• _Task prompt_: Only the text of the records, copied exactly, is wanted; no pictures.

• _Input data_:
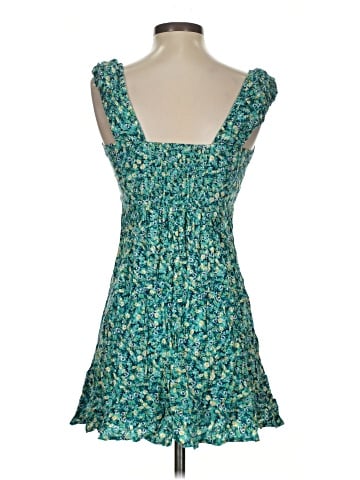 Old Navy Cocktail Dress (view 2)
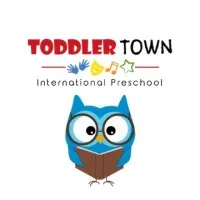 TODDLER TOWN INTERNATIONAL PRESCHOOL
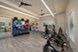 Crawford at Grand Morton - Fitness - Photo 7 of 9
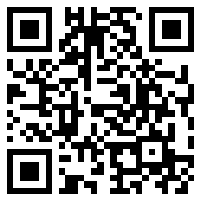 QR Code for 34PFfoV7RBY1gnAtcB5CgAhvv27vt2gTE4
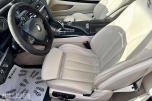2012 BMW 6-serie, 640I 3.0-320, 85500km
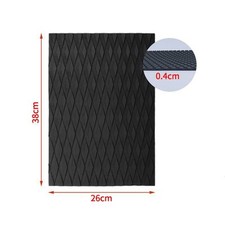 Surf Poignée Antidérapante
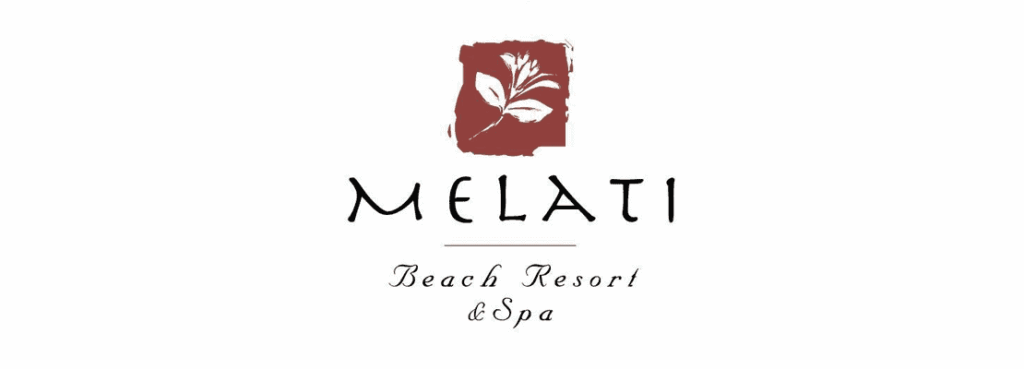 MELATI BEACH RESORT & SPAสมัครงาน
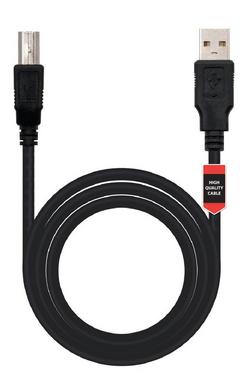 https://media.extra.com/i/aurora/100248970_100_01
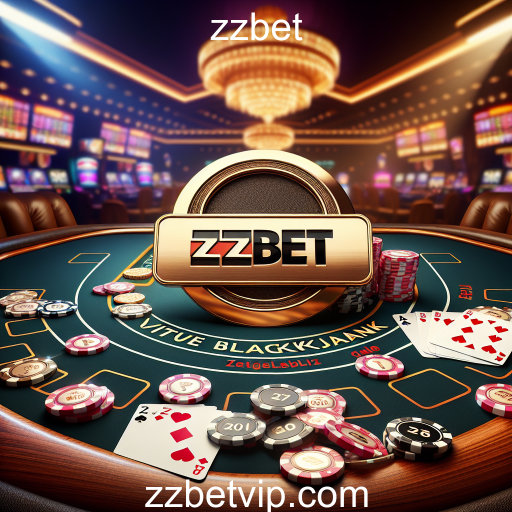 Descubra o Fascinante Mundo do Blackjack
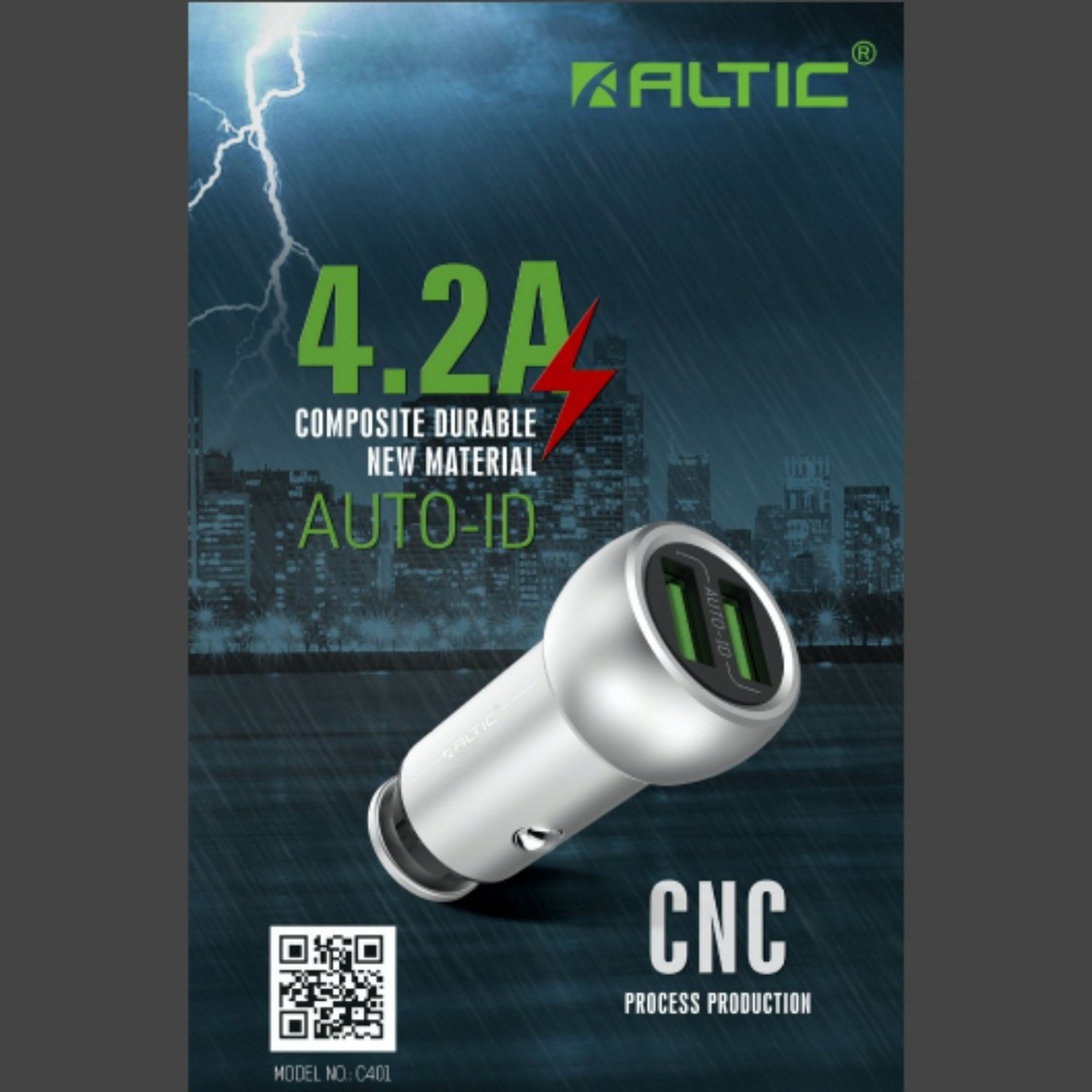 altic168.vn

• _Solution to this task_:
 Old Navy Cocktail Dress (view 2)
 TODDLER TOWN INTERNATIONAL PRESCHOOL
 Crawford at Grand Morton - Fitness - Photo 7 of 9
 QR Code for 34PFfoV7RBY1gnAtcB5CgAhvv27vt2gTE4
2012 BMW 6-serie, 640I 3.0-320, 85500km
 Surf Poignée Antidérapante
 MELATI BEACH RESORT & SPAสมัครงาน
 https://media.extra.com/i/aurora/100248970_100_01
 Descubra o Fascinante Mundo do Blackjack
 altic168.vn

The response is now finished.